The Billionaire’s Hidden Family

The Billionaire’s Hidden Family



Emeka’s blood turned cold.

“The night of the accident,” Ngozi continued, “it was no accident. Chidi’s men pushed my car into the lagoon. I survived because a fisherman pulled me out. But I knew—if I came back, they would try again. And if they knew I was pregnant, they would kill us both.”

She looked at Simi, now clutching her mother’s wrapper. “So I stayed dead. I cleaned people’s houses in Surulere. I sold pure water on the roadside. I told Simi her father was a good man, but that we had to hide.”

Emeka sank onto the foam mattress. His entire empire, his grief, his lonely nights—all of it built on his brother’s betrayal. He thought of Chidi, smiling at him at family meetings, asking how he was coping, offering to manage the business “while you heal.”

“Why now?” Emeka asked, his voice hoarse. “Why didn’t you send a message?”

“Because Simi got sick last month. Malaria that turned to pneumonia. I used the last of my savings. I didn’t know what else to do—so I told her to go into that restaurant and ask for food. I never thought she would see your ring. I never thought God would be this cruel and this merciful on the same night.”

Simi tugged her mother’s dress. “Mummy, is oga my daddy?”

Ngozi nodded. “Yes, my child. That oga is your father.”

Emeka opened his arms, and Simi ran into them. He held her small, bony body and felt something crack open inside him—not grief this time, but rage. A cold, focused rage.

He looked at Ngozi. “Pack your things. You’re coming home tonight. And tomorrow, Chidi will wish he had never been born.”

Outside, the rain had stopped. Somewhere in the Lagos night, a car engine started—the beginning of a reckoning.
The drive back to Banana Island felt like a dream. Ngozi sat in the passenger seat, clutching Simi on her lap, staring at the neon lights of Lekki through the rain-streaked window. She hadn’t seen this part of Lagos in five years. Emeka gripped the steering wheel so hard his knuckles had turned white.

When they pulled into the gated compound, the security guards rushed out with umbrellas, their eyes widening when they saw Ngozi. One of them crossed himself. Another whispered, “Mama Ngozi? The one we buried?”

Emeka didn’t explain. He carried Simi inside—the little girl’s eyes wide at the chandeliers, the marble floors, the massive television—and set her gently on a leather sofa. Then he turned to Ngozi.

“Tell me everything. From the beginning. No more secrets.”

Ngozi sat down, trembling. She told him about the night of the accident. How Chidi had called her that evening, asking to meet at a hotel in Ikeja.
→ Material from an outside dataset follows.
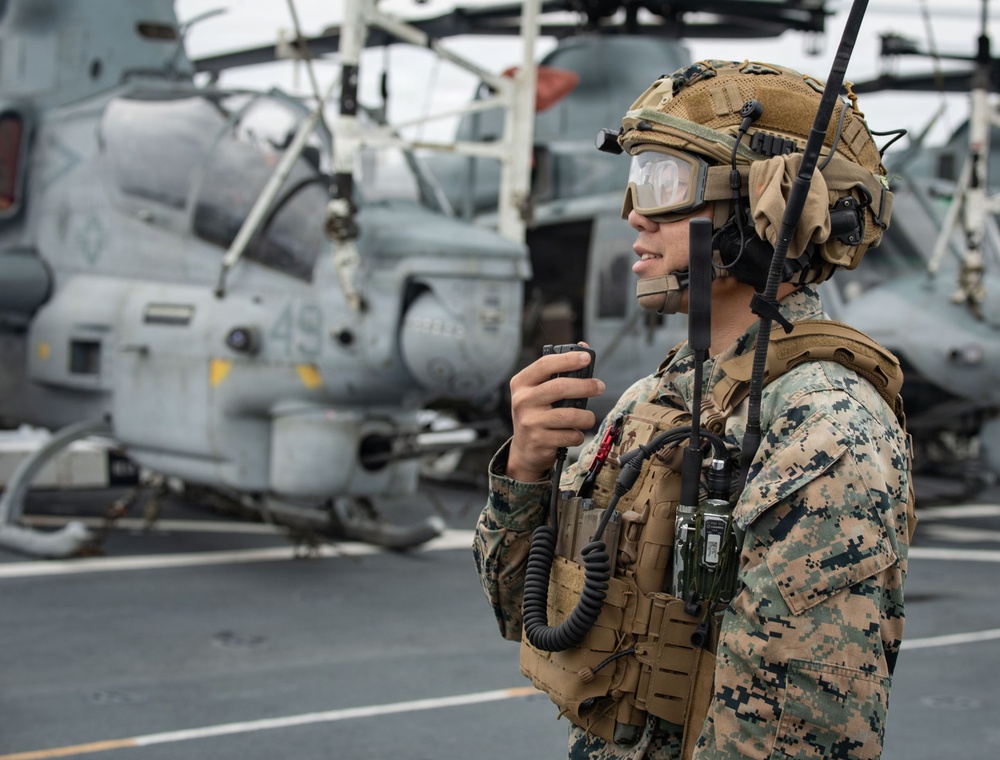 USS New Orleans (LPD 18) and Combat Logistics Company A (CLC-A) Conduct Helicopter Support Team Evolution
How he had told her, politely at first, that if she carried the baby to term, he would make sure Emeka’s business collapsed. How he had smiled when she refused.

“He said, ‘Iyawo mi, I don’t want to hurt you. But blood is thicker than marriage.’ I didn’t understand what he meant until I got into my car and they rammed me from behind on the Third Mainland Bridge.”
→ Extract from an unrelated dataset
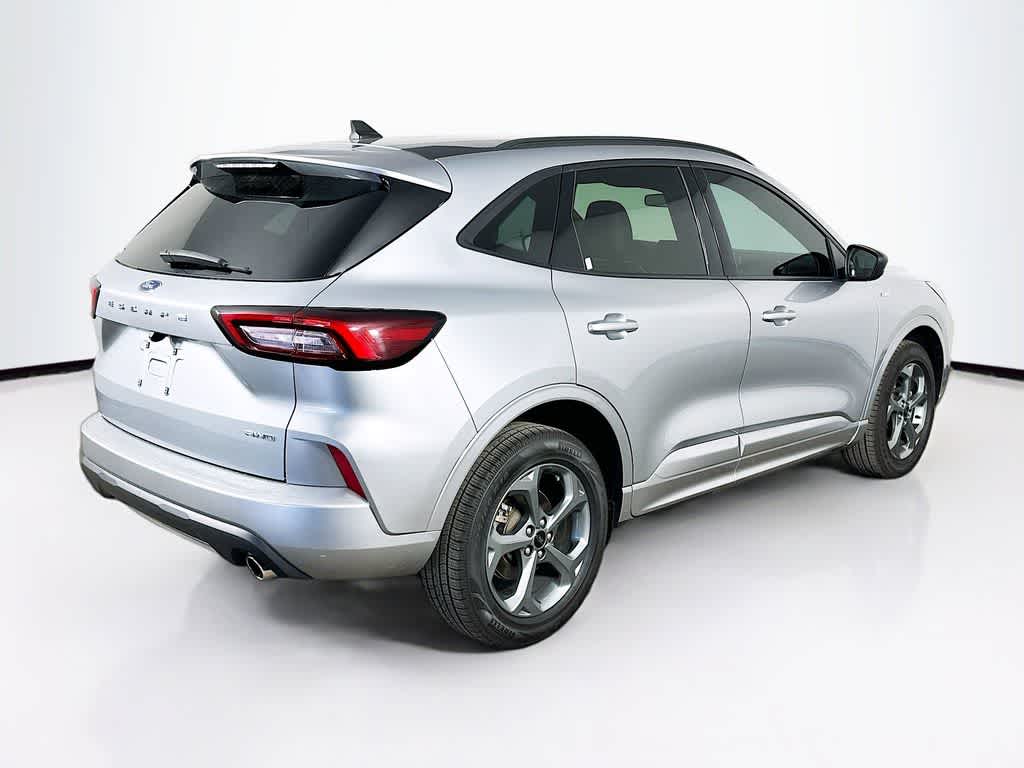 Thumbnail: 2023 Ford Escape - 25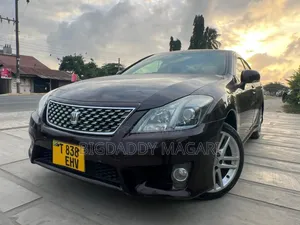 Toyota Crown 2011 Black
She described the cold water, the darkness, the fisherman named Aliu who pulled her out. How she woke up in a clinic in Ikorodu with no phone, no money, and a bleeding wound on her head. How she saw on a waiting room television that Mrs. Ngozi Okonkwo had been found dead—a body that Chidi had apparently provided.

“He found a woman who looked like me. A homeless woman. Paid her family. Had her dressed in my clothes. Emeka, your brother planned everything.”

Emeka stood up and walked to the window. His reflection stared back at him—a man who had mourned a ghost while the real woman suffered in silence. He thought of the tombstone at Vaults & Gardens. The flowers he laid every month. The tears his mother shed.

“Chidi is at the family house in Enugu right now,” Emeka said quietly. “Our father’s burial anniversary is tomorrow.”